“Je ne savais pas que pour devenir un jockey, il fallait un jour avoir été cheval.” Voici quelle était la réplique favorite d’Arrigo Sacchi lorsqu’il devait faire face à ses détracteurs qui pensaient que l’on ne pouvait être un grand entraîneur de football sans en avoir été un grand joueur auparavant. En effet, le natif de Fusignano en Italie, défenseur de formation, n’a pas eu la chance de connaître les joies d’une carrière de joueur professionnel. C’est en 1982 qu’il entame sa carrière d’entraîneur professionnel en prenant les rênes d’un modeste club de troisième division italienne (Série C), le Rimini Calcio. Deux ans plus tard, il s’engage avec le club de Parme qui évolue une division au dessus de ce qu’il connaît avec Rimini. Novice dans le métier, il parvient néanmoins à remplir l’objectif prioritaire du club en maintenant les parmesans en Série B à l’issue de la saison. En 1987, si ses résultats obtenus à la tête de Parme ont un retentissement assez confidentiel au sein du pays à la botte, il est tout de même repéré par un certain Silvio Berlusconi, businessman qui vient de racheter l’AC Milan un an auparavant. Très audacieux, l’homme d’affaires italien n’hésite pas au moment de confier les clefs de son équipe milanaise à Arrigo Sacchi. Une décision qu’il ne regrettera pas.
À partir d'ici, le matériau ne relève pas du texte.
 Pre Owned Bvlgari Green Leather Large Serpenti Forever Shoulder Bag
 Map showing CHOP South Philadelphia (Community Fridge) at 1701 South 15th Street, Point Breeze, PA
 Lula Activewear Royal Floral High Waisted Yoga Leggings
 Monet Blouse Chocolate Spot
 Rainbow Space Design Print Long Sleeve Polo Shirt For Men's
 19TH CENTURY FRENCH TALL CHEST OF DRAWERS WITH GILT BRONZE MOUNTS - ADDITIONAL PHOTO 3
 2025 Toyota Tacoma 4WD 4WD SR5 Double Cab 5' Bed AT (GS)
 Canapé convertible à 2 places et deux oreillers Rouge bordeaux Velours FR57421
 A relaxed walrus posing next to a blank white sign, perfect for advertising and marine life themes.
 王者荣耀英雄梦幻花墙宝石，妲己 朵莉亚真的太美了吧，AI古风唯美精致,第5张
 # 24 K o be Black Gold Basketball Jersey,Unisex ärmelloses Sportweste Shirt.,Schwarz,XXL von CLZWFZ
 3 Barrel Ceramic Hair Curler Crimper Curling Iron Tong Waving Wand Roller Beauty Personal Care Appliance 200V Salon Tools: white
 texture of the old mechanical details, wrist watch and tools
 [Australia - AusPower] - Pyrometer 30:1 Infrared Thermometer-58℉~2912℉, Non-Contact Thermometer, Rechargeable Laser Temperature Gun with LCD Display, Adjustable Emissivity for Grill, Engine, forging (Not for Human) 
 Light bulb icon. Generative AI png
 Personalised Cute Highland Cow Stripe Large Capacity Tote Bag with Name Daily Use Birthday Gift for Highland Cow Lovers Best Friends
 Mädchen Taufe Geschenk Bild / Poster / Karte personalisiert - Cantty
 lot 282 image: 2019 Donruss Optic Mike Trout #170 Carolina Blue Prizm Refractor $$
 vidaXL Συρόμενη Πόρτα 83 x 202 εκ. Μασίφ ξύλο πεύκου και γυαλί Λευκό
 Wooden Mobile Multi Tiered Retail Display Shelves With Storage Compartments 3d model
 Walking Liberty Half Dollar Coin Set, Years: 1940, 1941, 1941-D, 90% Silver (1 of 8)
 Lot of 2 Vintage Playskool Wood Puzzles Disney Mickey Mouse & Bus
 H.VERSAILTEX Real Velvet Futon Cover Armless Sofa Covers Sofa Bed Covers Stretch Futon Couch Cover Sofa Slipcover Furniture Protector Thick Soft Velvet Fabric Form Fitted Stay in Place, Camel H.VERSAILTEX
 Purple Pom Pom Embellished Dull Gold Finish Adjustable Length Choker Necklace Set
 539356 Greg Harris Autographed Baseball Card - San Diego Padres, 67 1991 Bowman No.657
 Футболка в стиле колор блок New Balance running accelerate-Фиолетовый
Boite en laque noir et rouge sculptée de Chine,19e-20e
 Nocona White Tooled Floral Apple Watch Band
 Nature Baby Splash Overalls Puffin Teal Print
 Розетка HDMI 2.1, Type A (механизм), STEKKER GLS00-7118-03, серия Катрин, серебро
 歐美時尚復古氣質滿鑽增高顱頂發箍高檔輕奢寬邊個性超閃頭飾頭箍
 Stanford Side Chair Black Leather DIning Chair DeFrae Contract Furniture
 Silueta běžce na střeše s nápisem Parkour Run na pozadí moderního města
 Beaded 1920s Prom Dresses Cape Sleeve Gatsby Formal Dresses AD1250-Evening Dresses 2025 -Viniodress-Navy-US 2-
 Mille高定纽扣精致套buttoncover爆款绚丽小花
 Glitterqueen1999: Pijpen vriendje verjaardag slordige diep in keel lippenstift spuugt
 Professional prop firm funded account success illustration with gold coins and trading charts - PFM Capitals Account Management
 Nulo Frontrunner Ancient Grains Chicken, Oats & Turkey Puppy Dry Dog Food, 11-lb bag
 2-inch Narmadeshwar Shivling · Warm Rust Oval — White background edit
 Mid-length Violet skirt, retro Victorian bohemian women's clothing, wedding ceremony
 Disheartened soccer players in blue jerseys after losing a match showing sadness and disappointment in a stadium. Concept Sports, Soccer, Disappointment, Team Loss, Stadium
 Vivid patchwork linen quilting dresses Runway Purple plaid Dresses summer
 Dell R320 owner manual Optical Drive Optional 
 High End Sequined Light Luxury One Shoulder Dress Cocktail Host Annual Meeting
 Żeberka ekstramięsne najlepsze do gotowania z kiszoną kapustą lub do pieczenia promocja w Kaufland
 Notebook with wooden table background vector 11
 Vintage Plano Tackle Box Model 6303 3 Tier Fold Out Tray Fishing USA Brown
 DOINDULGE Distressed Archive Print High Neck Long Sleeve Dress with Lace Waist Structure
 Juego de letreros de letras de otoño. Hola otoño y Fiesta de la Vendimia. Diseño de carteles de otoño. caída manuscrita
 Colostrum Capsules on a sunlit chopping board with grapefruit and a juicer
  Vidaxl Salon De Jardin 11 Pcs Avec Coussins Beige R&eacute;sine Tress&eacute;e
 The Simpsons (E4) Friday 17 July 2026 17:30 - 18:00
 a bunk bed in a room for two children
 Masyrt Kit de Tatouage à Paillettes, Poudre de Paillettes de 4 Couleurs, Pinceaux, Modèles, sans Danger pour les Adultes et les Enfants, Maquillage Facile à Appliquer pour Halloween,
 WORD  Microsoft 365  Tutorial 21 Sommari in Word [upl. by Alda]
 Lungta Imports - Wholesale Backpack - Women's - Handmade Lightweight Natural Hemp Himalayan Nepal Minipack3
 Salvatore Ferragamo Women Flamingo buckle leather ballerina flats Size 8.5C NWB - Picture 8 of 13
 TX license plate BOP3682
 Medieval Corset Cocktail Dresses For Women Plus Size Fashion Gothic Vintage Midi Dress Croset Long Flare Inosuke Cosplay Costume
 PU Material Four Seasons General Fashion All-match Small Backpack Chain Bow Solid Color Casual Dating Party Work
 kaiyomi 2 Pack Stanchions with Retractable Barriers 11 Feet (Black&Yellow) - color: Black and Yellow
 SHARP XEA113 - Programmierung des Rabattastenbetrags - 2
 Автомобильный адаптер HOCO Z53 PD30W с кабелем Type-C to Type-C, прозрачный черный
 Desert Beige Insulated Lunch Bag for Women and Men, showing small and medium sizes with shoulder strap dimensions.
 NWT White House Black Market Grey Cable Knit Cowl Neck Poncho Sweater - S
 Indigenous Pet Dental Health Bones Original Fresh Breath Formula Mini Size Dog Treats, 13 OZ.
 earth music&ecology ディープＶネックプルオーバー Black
Dès le début de son aventure en Lombardie, Sacchi tente d’imposer ses théories et son projet de jeu. S’il n’a pas été un joueur professionnel, il n’en est pas moins un grand connaisseur de football et n’est jamais avare d’idées inédites. A la fin des années 80, alors que le football italien campe sur ses certitudes d’un football défensif, Arrigo Sacchi va imposer son schéma favori du 4-4-2, dans lequel les attaquants seront les premiers défenseurs. Pour lui, l’un de ses principes fondamentaux est que l’équipe doit défendre et attaquer ensemble. Par un pressing très haut et constant, il veut étouffer ses rivaux en récupérant le ballon dans la partie de terrain adverse dès la première relance. Il impose à ses quatre défenseurs d’être constamment alignés ensemble afin de mettre plus facilement hors-jeu les attaquants de l’équipe opposée. Par cette innovation, il rompt avec le principe très prisé par les entraîneurs italiens de l’époque du libéro, ce défenseur placé en couverture derrière les défenseurs de l’équipe et qui oblige par conséquent celle-ci à opter un bloc bas sur le terrain. Néanmoins, ce système de jeu désiré par Sacchi est très énergivore. Afin de préparer ses joueurs au mieux, le précepteur italien les soumet à deux entraînements quotidiens alors qu’ils ne s'entraînaient que quatre fois par semaine jusque-là.
La révolution de Sacchi à dans un premier temps du mal à se faire ressentir au niveau des résultats de l’équipe. Il devra plusieurs fois être confirmé auprès de ses détracteurs par son président Berlusconi, sûr de son choix avec le mage de Fusignano. Sacchi a toujours eu pour habitude de privilégier le collectif à l’individuel. Ainsi, il base son recrutement de joueurs sur les personnalités et les caractères de ces derniers, prêts à se sacrifier pour le rendement de l’équipe. Il s’appuie sur sa bande d’italiens composé de Maldini, Ancelotti ou encore le capitaine Baresi. Mais également sur ses trois stars bataves en la personne de Gullit, Van Basten et Rijkaard pour enlever ses premiers trophées majeurs. En 1988, le Milan de Sacchi est champion d’Italie. Les deux saisons suivantes, le technicien Italien parvient à remporter la troisième et quatrième Ligue des Champions de l’histoire des rossoneri en venant respectivement à bout du Steaua Bucarest au Camp Nou et du Benfica Lisbonne au stade Ernst Happel de Vienne. Ses stars néerlandaises se partageront les honneurs du Ballon d’Or entre 87 et 89.
Auréolé de ces succès, il prend ensuite la tête de la sélection nationale Italienne qu’il mène jusqu’à la finale de la Coupe du Monde 1994. Bien que n’ayant jamais joué au plus haut niveau, l’entraîneur Arrigo Sacchi aura réussi à se faire une place d’honneur dans le football Italien. Claudio Ranieri, autre légende du football italien, déclare à son sujet en 2016 : “Arrigo Sacchi est arrivé et il a tout changé. C’est lui qui a permis au football italien de prendre un nouveau virage et de s’ouvrir à un jeu offensif.” Le mage aura aussi inspiré ces entraîneurs qui, comme lui, n'ont pas de grande expérience de joueur, mais qui ont eu la possibilité d’exprimer leurs idées au plus haut niveau à l'image des portugais José Mourinho ou encore Léonardo Jardim.